Ted Cruz, a new U.S. senator from Texas elected with major support from Tea Party activists said recently that efforts to restrict the sales of assault weapons and ammunition are unconstitutional. In fact, even the conservative Supreme Court has said clearly that regulating the sale of dangerous guns is not prohibited by the Second Amendment. According to Justice Antonin Scalia, “the Second Amendment does not protect those weapons not typically possessed by law-abiding citizens for lawful purposes, such as short-barreled shotguns.”
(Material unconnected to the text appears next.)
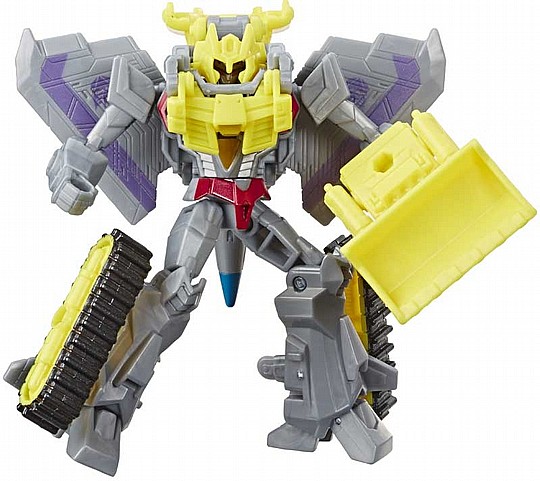 ���������� ������ STARSCREAM DEMOLITION DESTROYER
Harnessing Corporate Money
Right-wing causes, including the Tea Party, anti-unionism, and anti-environmentalism, have benefitted from a flood of corporate money in the wake of Supreme Court decisions gutting the nation’s campaign finance laws. In addition, the American Legislative Exchange Council, a right-wing group that acts as matchmaker between corporate interests and lawmakers eager to do their bidding, has produced literally hundreds of model bills that right-wing legislators have enacted into law – attacking unions and public education and otherwise supporting the predatory privatization of public assets and government services. Among the model bills ALEC has previously promoted is the so-called “stand your ground” law originally adopted in Florida. ALEC deemed it a national “model” law, and it was enacted in more than two dozen states. The Florida law was cited initially to prevent the prosecution of the man who killed Trayvon Martin.
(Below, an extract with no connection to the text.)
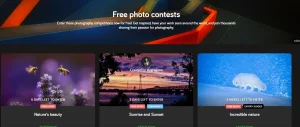 Photo Contest WordPress Plugin
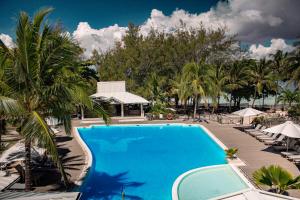 Bazén v ubytování Le Peninsula Bay Beach Resort & Spa nebo v jeho okolí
Some analysts believe the NRA has morphed from a grassroots group teaching marksmanship to a trade association for gun manufacturers – a “lobbying, merchandising and marketing machine.” Business Week reported in January 2012 that more than 50 firearms-related companies had given at least $14.8 million to the group. The NRA has boosted gun makers several ways: its rhetoric about gun confiscation has spurred binge buying by gun enthusiasts; it has pushed a federal law that limits liability against gunmakers as well as state laws that bar cities from suing gun manufacturers (in conjunction with ALEC); and the NRA’s legislative arm has also “helped ensure the end of the federal assault weapons ban” in 2004 (which the NRA and ALEC opposed in 1994). Business Week quotes the former NRA President Sandy Froman claiming that it “saved the American gun industry from bankruptcy.”
Anything Goes
A hallmark of right-wing activism over the past four years has been a willingness to say and do anything to try to undermine the effectiveness of the Obama presidency and to try to prevent the president’s re-election (as well as his initial election). Rhetorically, that has meant equating health care reform and other initiatives with tyranny. In response to recent reports that some aspects of gun regulation could be strengthened by executive order, the right-wing Drudge Report posted photos of Hitler and Stalin.
Before the 2012 election, NRA leaders portrayed President Obama as conspiring to abolish Americans’ Second Amendment rights. But NRA efforts to bring down the Obama administration went well beyond political rhetoric and campaign spending. The NRA leadership played a significant role in the failed effort by congressional Republicans to turn the ATF’s botched “Fast and Furious” operation into an administration-destroying scandal. NRA officials even announced that the group would “score” a House vote on whether to hold Attorney General Eric Holder in contempt, getting votes from Republicans and some Democrats eager to preserve a 100-percent NRA rating.
Money, Power, and Perception
Back in August, Daniel Webster, co-director of the Center for Gun Policy and Research at the Johns Hopkins Bloomberg School of Public Health in Baltimore said, “Democrats have decided, I think wrongly politically and morally, that it’s only an issue they can lose on.” Indeed, even though the group’s recent political spending is heavily weighted toward Republicans, the lack of desire to cross the NRA’s lobbyists and activists is bipartisan. In 2009, a Democratic Congress complied with demands for federal laws allowing people to bring guns onto Amtrak trains and into national parks; in 2010 the group demanded, and got, a special exemption from identifying its donors in the DISCLOSE Act under consideration.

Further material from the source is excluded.